ML Case-study Interview Question: Threshold-Based Email Classification Using Eventually Consistent Domain Aggregation

Apr 20, 2025

Browse all the ML Case-Studies here.

Case-Study question

A large organization built an email classification system to identify whether an entered email address belongs to an internal user or an external collaborator. They wanted to trigger one of two invite mechanisms: a direct workspace invite for internal employees and a collaborative channel invite for external partners. They used a database table that keeps track of how many users within each team share a specific domain, grouped by role (such as admin, member, owner, or guest). They applied a threshold-based approach to decide whether a domain is internal or external. They also maintained an eventually-consistent data model that uses asynchronous jobs to update counts in real time. They have a “healer” component that corrects data drift if inconsistencies arise, such as when multiple overlapping operations increment or decrement counters out of sequence.

They ask you to design and explain the entire system in detail. How would you approach this classification pipeline, design the domain-aggregation data store, and handle real-time consistency so that the system returns accurate results at scale?

Detailed In-Depth Solution

Overview of the Classification Approach

This system classifies an email address as either internal or external. When a user initiates an invite by providing one or more email addresses, the classification engine groups these addresses by domain. It then checks which domains are recognized as belonging to the same team (internal) versus external. If a domain exceeds a certain fraction of the entire team, the system flags it as an internal domain.

Threshold-Based Decision

The primary decision rule states that a domain is considered internal if its total user count on the team is above a configurable threshold multiplied by the total team size.
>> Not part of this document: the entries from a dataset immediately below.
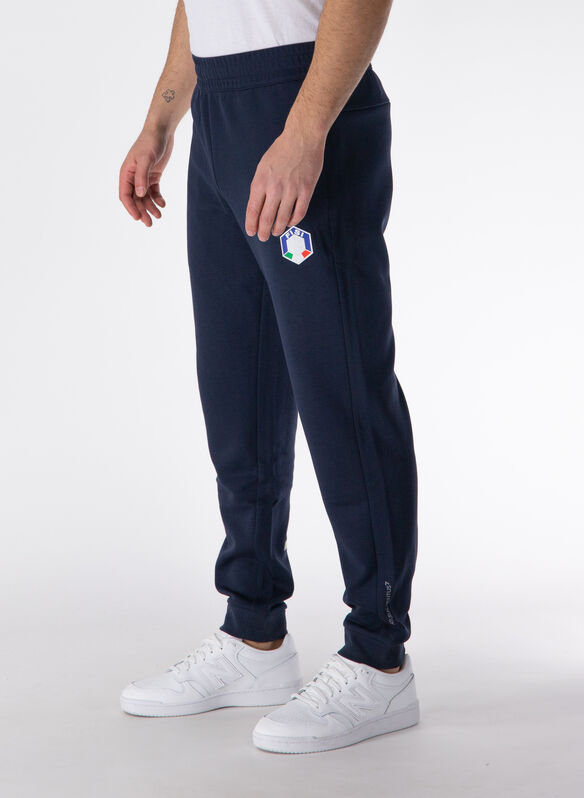 PANTALONE FISI ITALIA, 1577 BLU, medium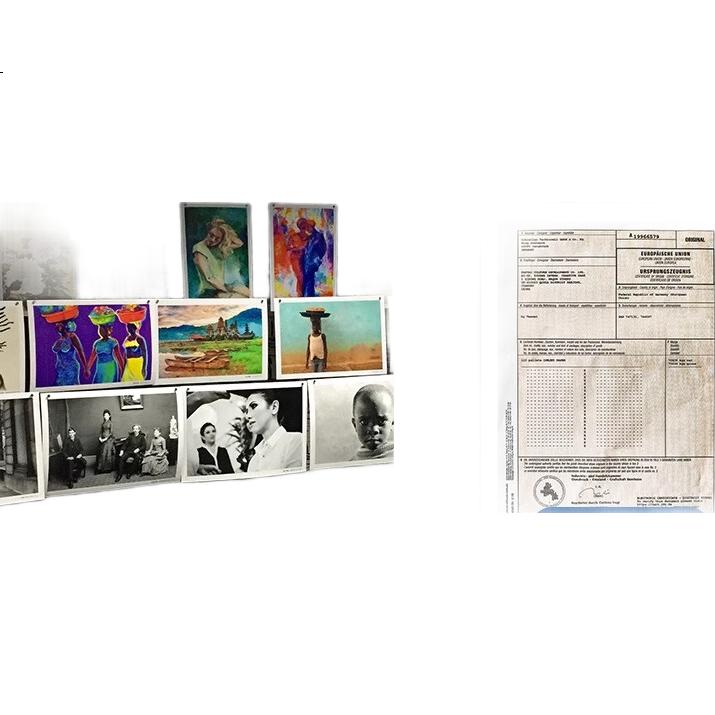 White Image 1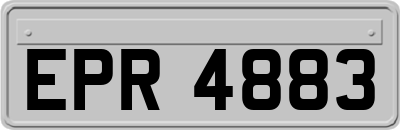EPR4883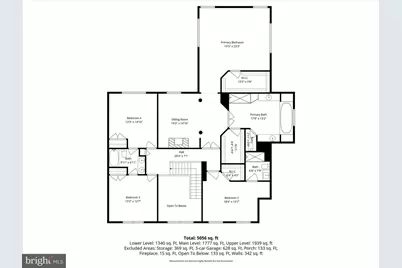 25057 Gazelle Court, Chantilly, VA 20152 - Photo 88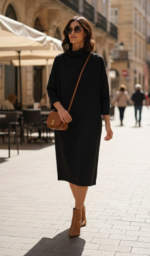 VESTIDO CARINA - Imagen 8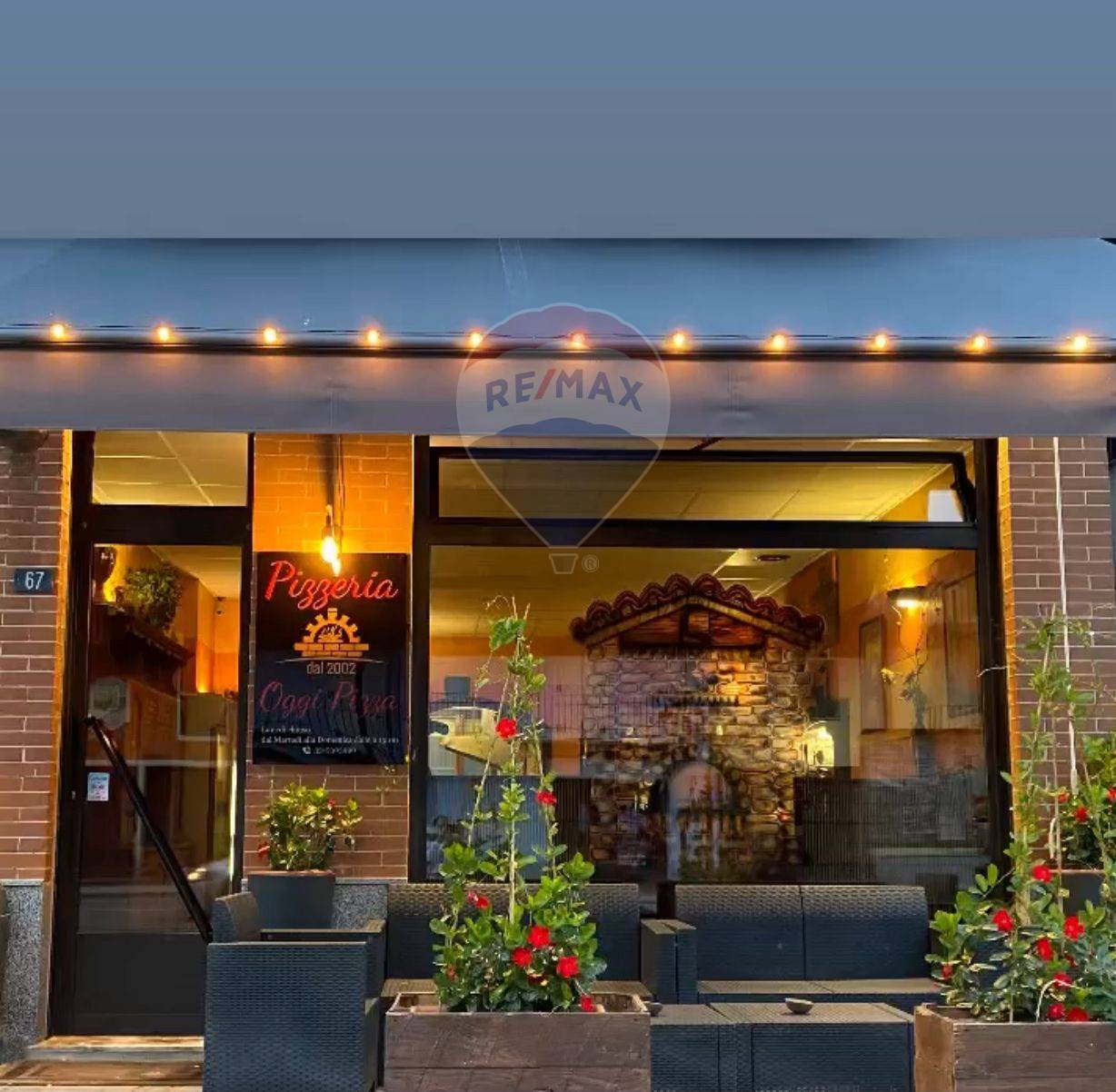 Ristorante in affitto a Airasca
Where domain_count is how many users in the team share this domain, threshold is the fraction (for example 10%), and total_team_size is the count of all active users. When domain_count meets or exceeds threshold * total_team_size, the domain is marked as internal. Otherwise, it is external.

Data Storage and Sharding

They store these aggregates in a table keyed on team_id, domain, and role. For each team, there is a single shard that holds counts of how many users in each role have a specific domain. This makes lookups efficient since classification happens in the context of one team.

A typical table schema:

CREATE TABLE domains (
   team_id bigint unsigned NOT NULL,
   domain varchar NOT NULL,
   count int NOT NULL DEFAULT '0',
   date_update int unsigned NOT NULL,
   role varchar NOT NULL,
   PRIMARY KEY (team_id, domain, role)
);

Each row represents the total number of users matching a specific role and email domain within a particular team. The count column tracks how many people have that email domain. If it becomes negative, it signals data drift.
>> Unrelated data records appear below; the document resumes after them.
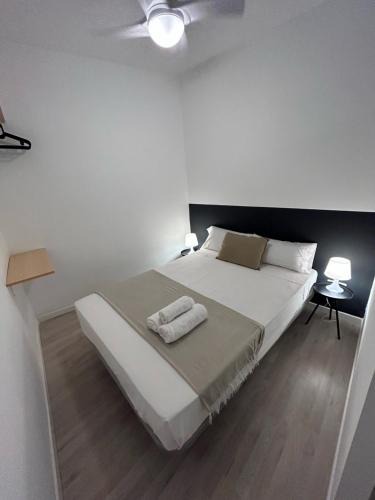 Palacio Apartment | Studio Sol Villa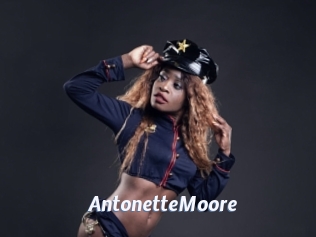 AntonetteMoore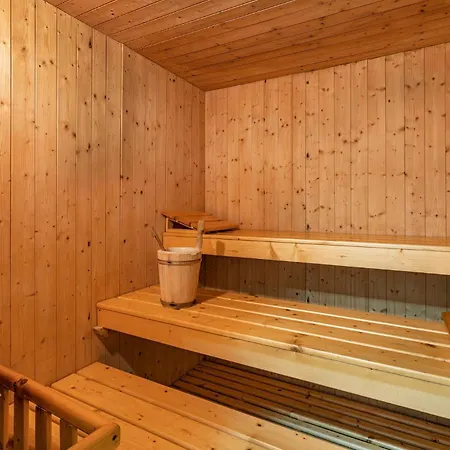 Borgo Elisa Semesterbostad *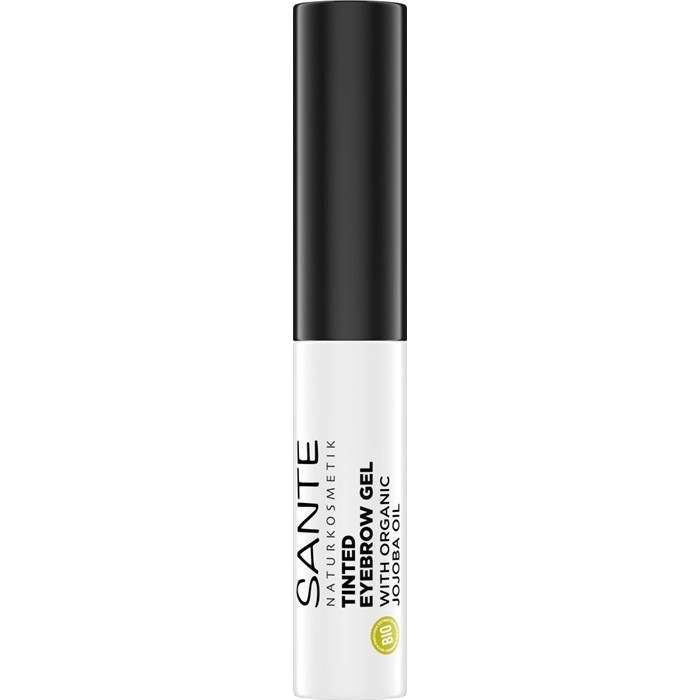 Tinted Eyebrow Gel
Real-Time Updates with Asynchronous Mutations

When a user joins, leaves, or changes roles, the system enqueues a background job that adjusts the table with simple relative additions or subtractions. These background workers update the count field via an atomic statement like:

UPDATE domains
SET count = count + 1
WHERE team_id = <team_id> AND domain = '<domain>' AND role = '<role>';

The same process handles decrements and role changes. By using row-level locks and local updates (count = count + 1 or count = count - 1), many simultaneous events remain mostly consistent, even if they occur out of order.
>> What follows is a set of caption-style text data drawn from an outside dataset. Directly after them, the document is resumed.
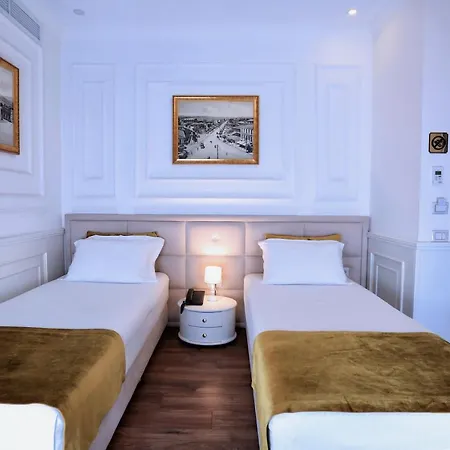 Eler Hotel Tirana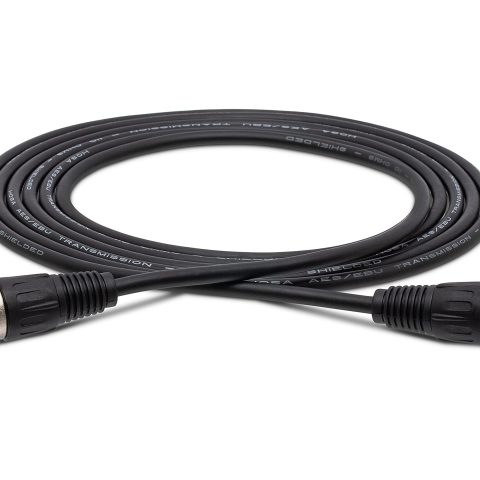 Hosa EBU-050 AES/EBU Cable - 50 Foot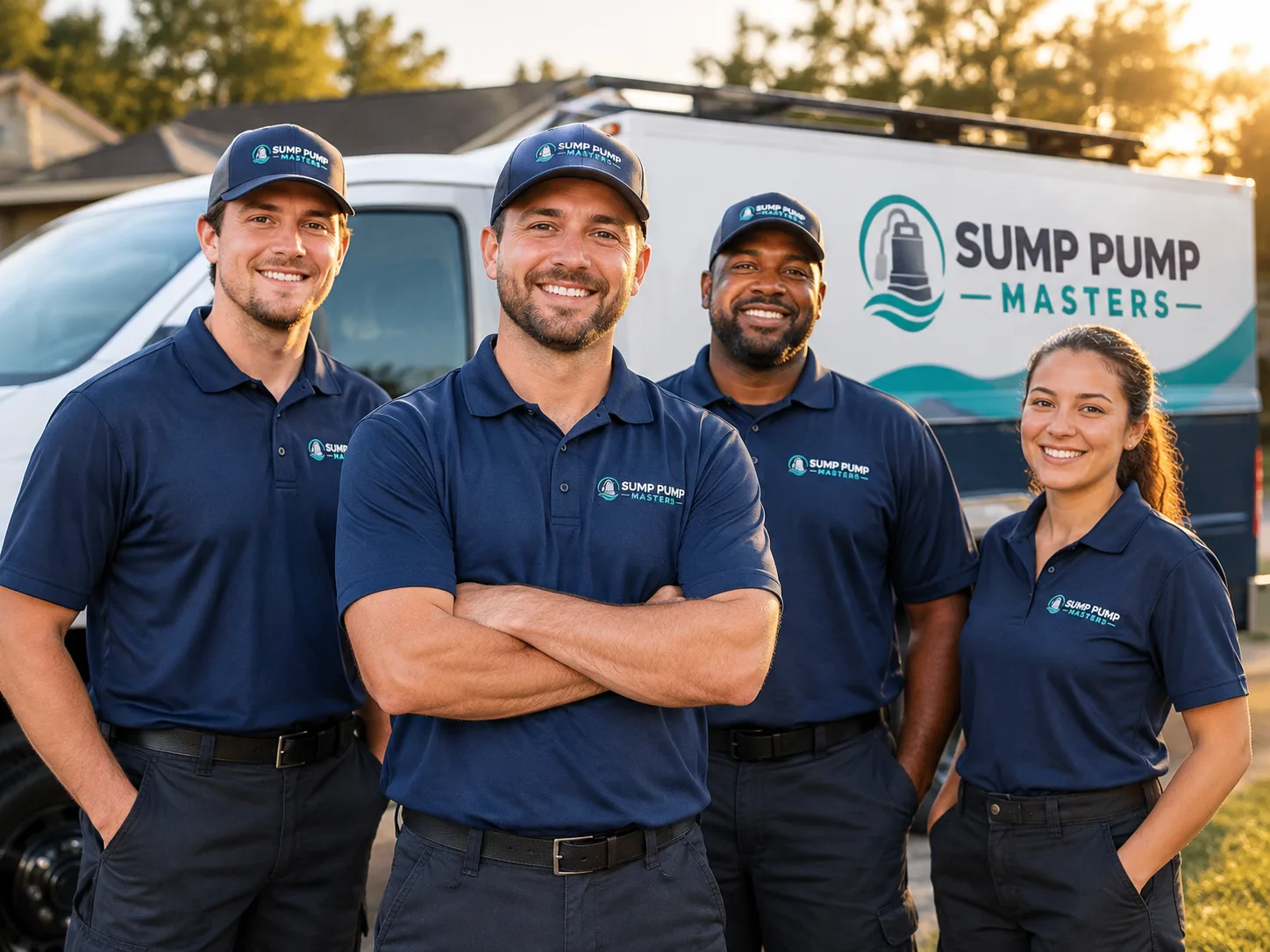 Sump Pump Repair company in Midpines, CA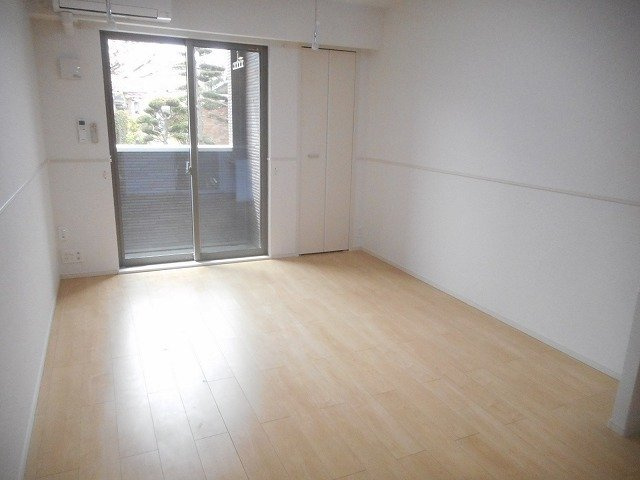 トゥウィンクル　アーク　壱番館の内装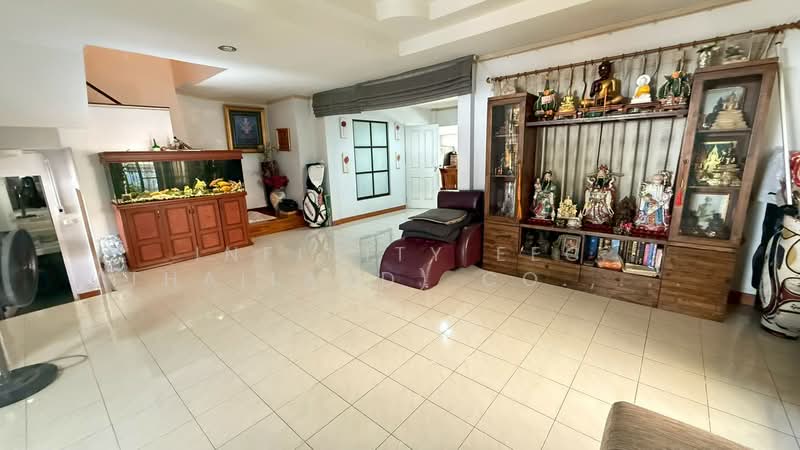 คันทรีโฮม 2 ศรีราชา, Chon Buri (Pattaya), Surasak, Si Racha, Chon Buri (Pattaya), 4 Bedrooms, 250 sqm, Single Detached House For Sale, by Infinity EEC (Thailand) Co., Ltd., 500171000 - DDproperty.com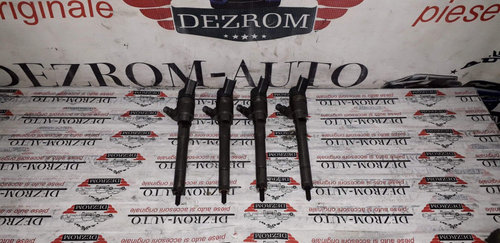 Injectoare Chevrolet Nubira 2.0 D 121cp cod piesa : 0445110270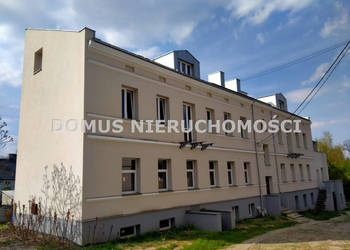 Kamienica Piotrków Trybunalski 600m2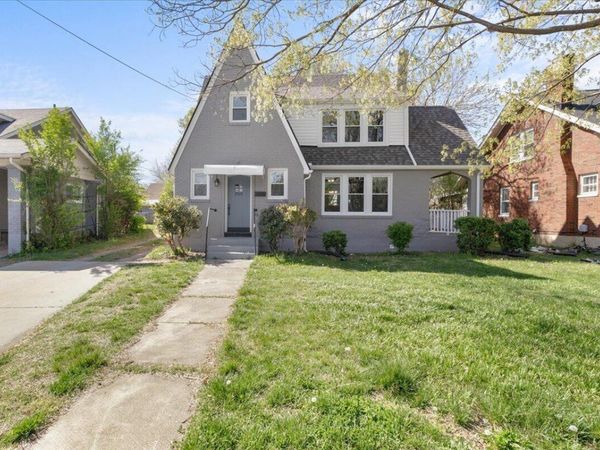 2508 10th ST NW, Roanoke, VA 24012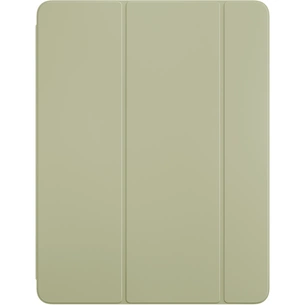 Чохол до планшета Apple Smart Folio for iPad Air 13-inch (M2) - Sage (MWKC3ZM/A) зображення 1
Eventually-Consistent Design

Due to the asynchronous nature of job queues, updates can arrive out of sequence. For a brief moment, the count values might show incorrect intermediate states. However, the system eventually converges because each update moves the value closer to a correct aggregate.

The Healer Component for Drift

If certain events fail or repeat, the system can drift away from actual counts. A healer job periodically scans the real users in a team and compares that to the stored count data. If it detects mismatches, it performs incremental arithmetic updates to bring the data in line. It does this in a way that still allows concurrent operations to proceed without losing new information. Negative counts trigger the healer immediately because that clearly indicates an error (nobody can have fewer than zero users).

Example Role Change

If a user changes from a member to an owner, the system performs:

Decrement of the member row for their domain
Increment of the owner row for their domain

If a user is deactivated at the same time, another decrement occurs on the member row. Because these events may not arrive in the exact order, a temporary mismatch might appear. Eventually, all increments and decrements are applied, and the healer corrects any residual offsets.

Example Code Snippet

Below is a simple pattern in Python that represents how the system might apply mutations for an event. It assumes a background job that processes user changes:

def process_role_change(db_connection, team_id, old_role, new_role, domain):
    decrement_query = (
        "UPDATE domains "
        "SET count = count - 1 "
        "WHERE team_id = %s AND domain = %s AND role = %s"
    )
    increment_query = (
        "UPDATE domains "
        "SET count = count + 1 "
        "WHERE team_id = %s AND domain = %s AND role = %s"
    )
    with db_connection.cursor() as cursor:
        cursor.execute(decrement_query, (team_id, domain, old_role))
        cursor.execute(increment_query, (team_id, domain, new_role))
    db_connection.commit()

This style of atomic updates ensures that each event modifies only the affected row, which helps the aggregator maintain near-real-time accuracy.

Putting It All Together

When a user types several email addresses, the system:

Extracts domains
Checks quick context (claimed domains, relationship to inviter) if available
Pulls the domain counts from the aggregated table for the relevant team
Compares them against total_team_size
Applies a threshold rule
Recommends the invite mechanism

This yields suggestions: if the email belongs to an internal domain, invite them directly to the workspace; otherwise, send them a collaborative channel invite. The system is efficient since each domain triggers just one database lookup, and updates to the table are done in an asynchronous, eventually-consistent manner.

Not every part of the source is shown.